- _ASSIGNMENT_
The answer is the exact run of lines in the listing below from the line containing "حقيبة يد نسائية متعددة الطبقات ذات سعة" up to and including the line containing "thumbnail image 1", with pictures removed.

- _DATA PROVIDED_
########################################
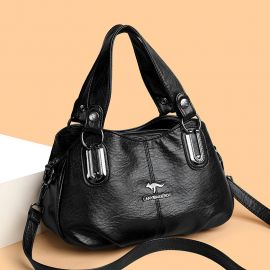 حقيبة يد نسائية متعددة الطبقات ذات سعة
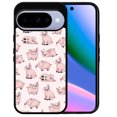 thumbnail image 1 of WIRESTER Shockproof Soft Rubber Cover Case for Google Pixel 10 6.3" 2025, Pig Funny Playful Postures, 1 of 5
########################################
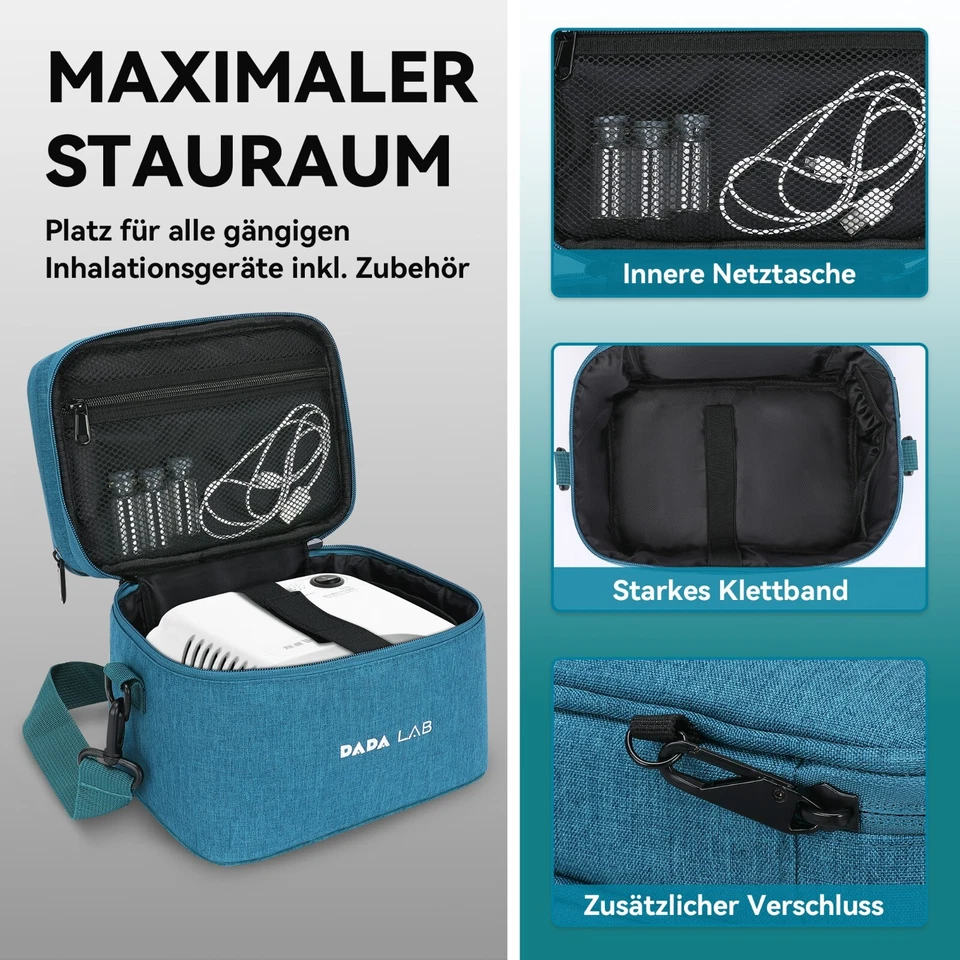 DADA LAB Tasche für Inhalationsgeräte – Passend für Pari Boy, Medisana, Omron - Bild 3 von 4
########################################
- _ANSWER BOX_
 حقيبة يد نسائية متعددة الطبقات ذات سعة
 thumbnail image 1 of WIRESTER Shockproof Soft Rubber Cover Case for Google Pixel 10 6.3" 2025, Pig Funny Playful Postures, 1 of 5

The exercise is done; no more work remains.